Jedenaście osób uznano za zaginione, a około 50 tysięcy schroniło się w ośrodkach ewakuacyjnych, uciekając przed powodziami i wzburzonym morzem - poinformowali przedstawiciele władz Filipin. Nad krajem przechodzi burza tropikalna Meari.
Wśród zaginionych jest 10 rybaków z trzech łodzi u wybrzeży prowincji Catanduanes. Z kolei w prowincji Albay prąd wezbranej rzeki porwał 54-letniego mężczyznę. Duża część metropolitalnej Manili i północne Filipiny zostały w ciągu nocy zalane - powiedział Benito Ramos z Biura Obrony Cywilnej. Według niego dzięki szybkiej ewakuacji nikt nie zginął. W Manili i okolicy odwołano zajęcia w większości szkół.
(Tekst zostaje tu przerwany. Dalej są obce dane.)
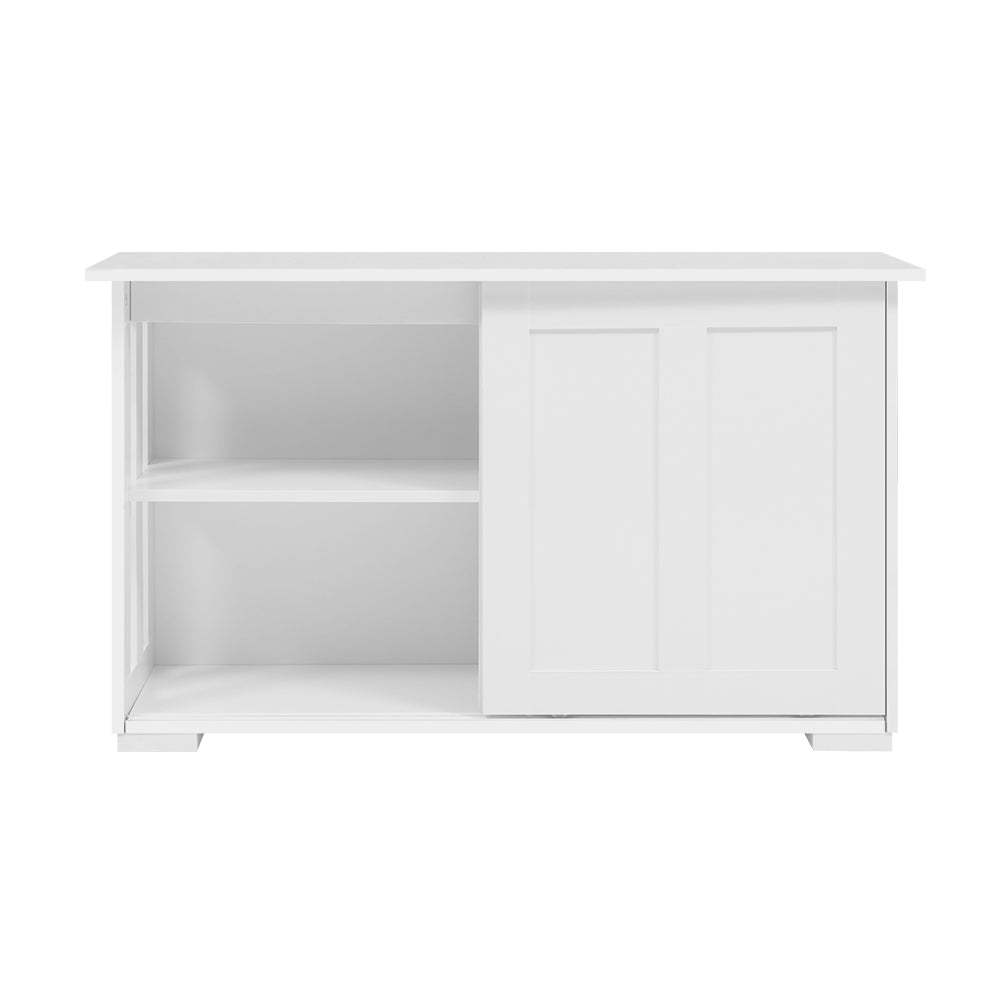 Artiss Cabinet Storage Shelf - Buffet Sideboard Sliding Doors - Sera White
Monsunowe deszcze, które zaczęły się na początku tygodnia, nasiliły się w czwartek, zmuszając ludzi do ucieczki z domów w obawie przed powodziami i osunięciami ziemi. Ulewne opady są jeszcze spodziewane na wyspie Luzon, na której znajduje się Manila, choć burza oddala się już od Filipin w kierunku Tajwanu. Meari przybiera na sile, a podmuchy wiatru osiągają prędkość 100 km na godzinę - podał filipiński instytut meteorologiczny.